“the light blue sea / Of your acquaintance”: Kenneth Koch’s “In Love with You”

I confess that I am not particularly well versed (poetry joke!) in the New York School poets. I’ve read a bit of Ashberry and a bit more Frank O’Hara, but never much Kenneth Koch. It hasn’t been a conscious omission; I simply found other poets first who claimed my attention.

Last week Kenneth Koch’s “In Love with You” popped up in my inbox as the Poetry Foundation’s poem of the day, and I was hooked by its exuberance, its vitality; it features non-ironic exclamation points!

While I admire many love poems, most of them are so intimate, so particular to a person or time or place that I find myself distanced from them. Like Whitman’s poems (at least for me), however, “In Love with You”‘s specificity crescendoes into a feeling of overwhelming universality. And I love a love poem that makes me grin.

Now, if you’ll excuse me, I’m off to find a book of Kenneth Koch’s poetry.

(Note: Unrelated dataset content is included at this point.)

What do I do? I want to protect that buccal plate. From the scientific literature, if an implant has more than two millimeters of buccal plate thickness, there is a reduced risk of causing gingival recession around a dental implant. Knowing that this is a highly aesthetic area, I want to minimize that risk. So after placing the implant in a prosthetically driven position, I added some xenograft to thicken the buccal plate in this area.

Do you have a favorite grin-worthy love poem?

12 thoughts on ““the light blue sea / Of your acquaintance”: Kenneth Koch’s “In Love with You”

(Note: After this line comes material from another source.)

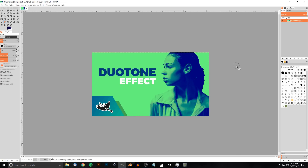This is Nick with LogosbyNick.com and in today's tutorial I'll be demonstrating how you can create a duotone effect using GIMP. What this is, is basically a color filter but with two different colors — the primary color is green and there's also blue involved, so I'm going to show you how to create something like this with two different colors.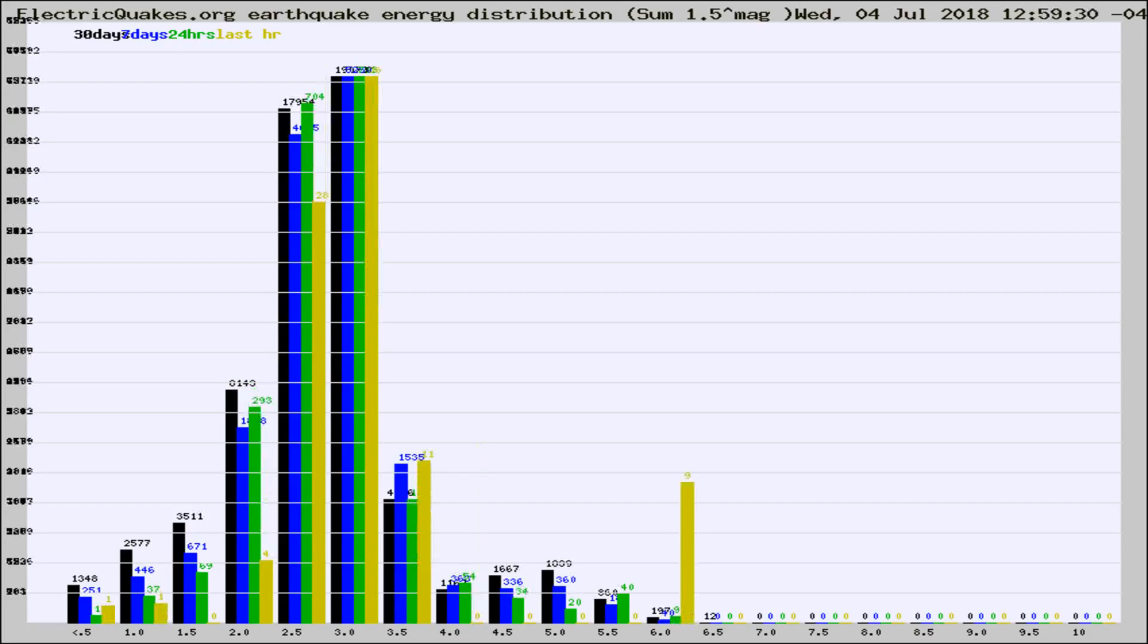Different colored columns are for 30 days, 7 days, 24 hours, and the last hour.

  1. I have to apologize because I think my company has changed the security settings for our email. I realized the other day I wasn’t getting my email notices from any of my blogging friends anymore. I guess I’m going to have to check everyone’s sites manually from now on.

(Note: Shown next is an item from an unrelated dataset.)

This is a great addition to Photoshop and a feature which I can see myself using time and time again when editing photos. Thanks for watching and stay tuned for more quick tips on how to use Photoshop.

  2. I’m so new to poetry I don’t think I have a grin-worthy selection to share. ‘In Love With You’ was lovely, thank you for sharing, it definitely made for a more smiley me this Wednesday morn.

  3. It’s lovely, and the exclamation marks remind me so much of my son’s way of talking and writing. I like the innocence that being in love brings us back to!

  4. I really liked the cadence of this poem and how the poet, or the subject in love, notices every little thing. I also can’t think of any grin-worthy examples unless it’s Shel Silverstein’s poems, which are meant for humor specifically. Now I’m on the lookout for grin-worthy poems, especially grinny love poems.

  5. One of my favorites, also happening to be one of Koch’s, is “The Boiling Water”. It’s a meditation on the meaningful nature of all things. Rather a delicious read as well. I love his work; thanks for bringing him to the fore.